Commodity investor Fungus Winklebottom purchased 20,000 ounces of yellow metal today for $10,000 an ounce after mistakenly placing an order for copper instead of gold. While slightly disappointed, the investor said he still intended to hold the copper to let it grow into its valuation. "It wasn't a very good deal, but it was an OK deal" - Mr. Winklebottom said. -As long as I can put my dollars into something tangible, I feel I'm still receiving full value for my money". Mr. Winglebottom said he was now looking to add arsenic, lead, and mercury to his commodity stockpile.
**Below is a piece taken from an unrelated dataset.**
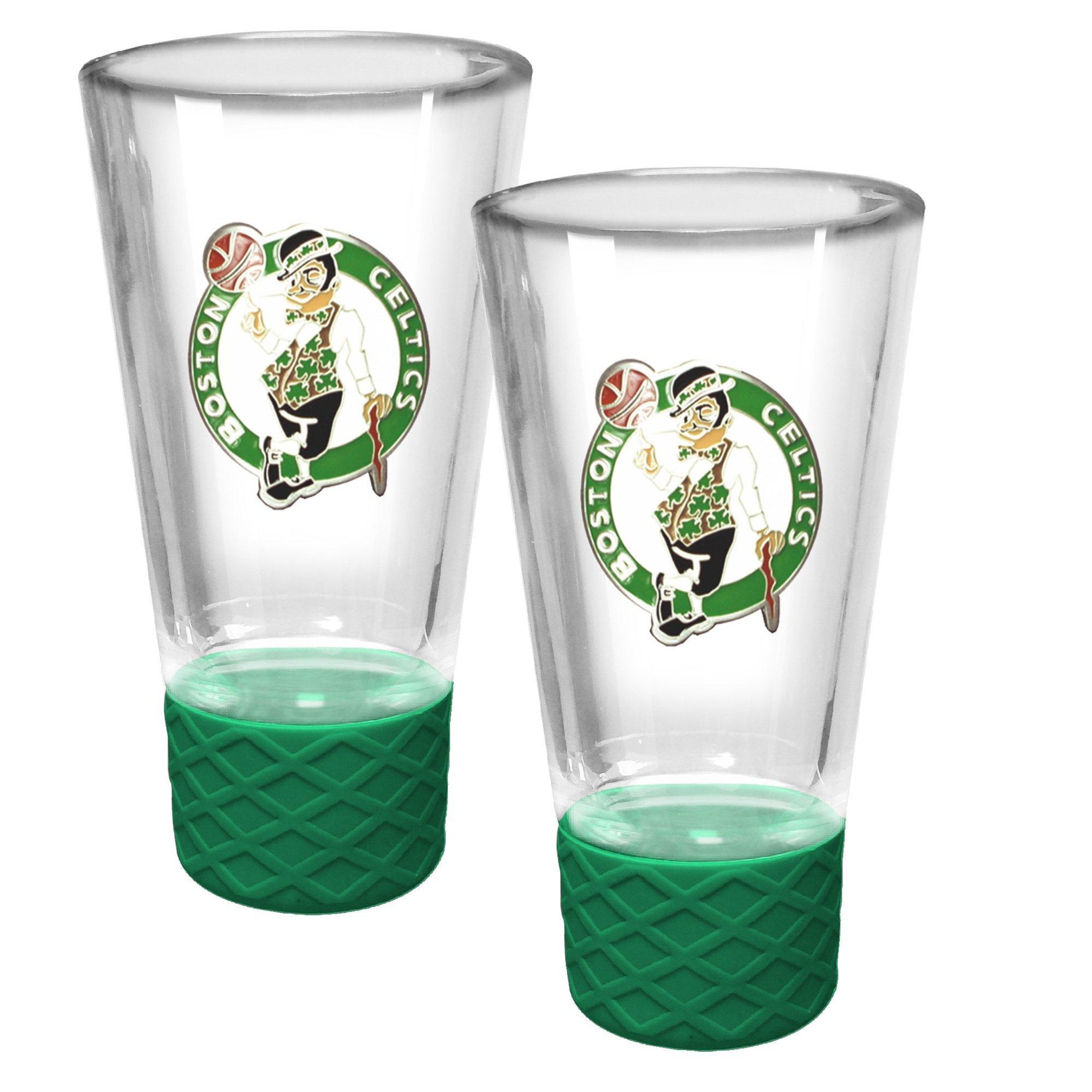 NBA Boston Celtics 2 Pc. 4 Oz. Emblem Cheer Shot Glass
Moody's leaves Zimbabwe's AAA rating unchanged
Moody's today announced its decision to keep Zimbabwe's sovereign rating unchanged, citing the government's quantitative easing policies. "We like the fact that they are not dogmatic when it comes to monetary policy" - the ratings agency said in a statement this morning. -"Its heavy reliance on quantitative easing gives us reason to believe that the probability of default on its sovereign debt is extremely low." The ratings agency's decision was welcome news to S. S. Mumbengegwi, Zimbabwe's Foreign Minister, who was visiting China to reassure the Chinese government that Zimbabwe is a good investment. "I certainly do think that the Chinese government and central bank are making a smart decision by continuing to invest in Zimbabwe Treasury bonds," Mumbengegwi said in the interview, shortly before departing for Harare. To boost the economy, Zimbabwe has to incur more debt, he said. "It would not be in China's interest if we were unable to get our economy moving," Mumbengegwi said. "So by continuing to support Zimbabwe Treasury instruments, the Chinese are recognizing our interconnection. Our economies are so intertwined, the Chinese know that to start exporting again to Zimbabwe, Zimbabwe has to take some very drastic measures with this stimulus package, which means we have to incur more debt." Zimbabwean investors reacted positively to the announcement, sending the market up another 20%. Zimbabwean stocks have been on a tear lately, rising 3000% from their March lows.